Dengan jilbab bermodel sederhana dengan sedikit ornamen bunga di setiap ujungnya dan berwarna gelap, mungkin biru tua, aku tak terlalu mengerti downgrade warna karena aku buta warna sebagian. kau memakai blouse berwarna biru tua yang dipadukan dengan cardigan berwanrna hitam. Celana kain berwarna hitam yang sedikit kombor dibagian bawah. Membuatmu enak untuk selalu dipandang. Tetiba ada yang membuatku mengernyitkan dahi, sepatu yang kau gunakan. Sepatu Vans berwarna hitam, entah jenis apa, old skool mungkin. Kau menarik.

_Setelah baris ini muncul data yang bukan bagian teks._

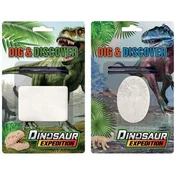 Komplet za izkopavanje fosilov dinozavrov (2 različna)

Sesekali kau tersenyum, senyum yang menambah ayu parasmu. Senyum yang menyimpan ratusan kepedihan. Kerutan di mata dan di ujung bibir yang tercipta saat kau tersenyum, menandakan usia sudah memakanmu. Seperempat abad lebih mungkin. Bibir, dagu dan hidung yang mirip sekali dengan ibumu, masih khas orang Indonesia. Matamu yang indah berpadu dengan eye liner dan eye shadow yang pas, dari segi proporsi serta warnanya. Namun aku melihat kekosongan didalam matamu. Hanya ada setitik cahaya yang menyala. Tatapanmu yang mengintimidasi dan mengintrogasi. Beberapa kali kau tersenyum, bukan senyum pertama yang kulihat. Namun, senyum yang meremahkan atas apa yang kau lihat dan kau dengar. Mungkin itulah senyum aslimu. Lama matamu terpaku di layar laptop. Kau sedang fokus. Sesekali pandanganmu melihat keluar. Entah untuk berfikir, mencari ide ataupun hanya menikmati pemandangan diluar sini. Untung mata kita tak saling bertemu.

Dewasa, mandiri, keras, to the point dan cuek. Itulah yang kulihat dari sikap dan gerak – gerikmu. Sedang berusaha untuk menjadi lebih baik. Meninggalkan bayangan hitam besar dibelakangmu yang masih saja suka mencuri peluk. Gerakanmu yang cepat dan pasti namun masih saja anggun. Wanita mahal.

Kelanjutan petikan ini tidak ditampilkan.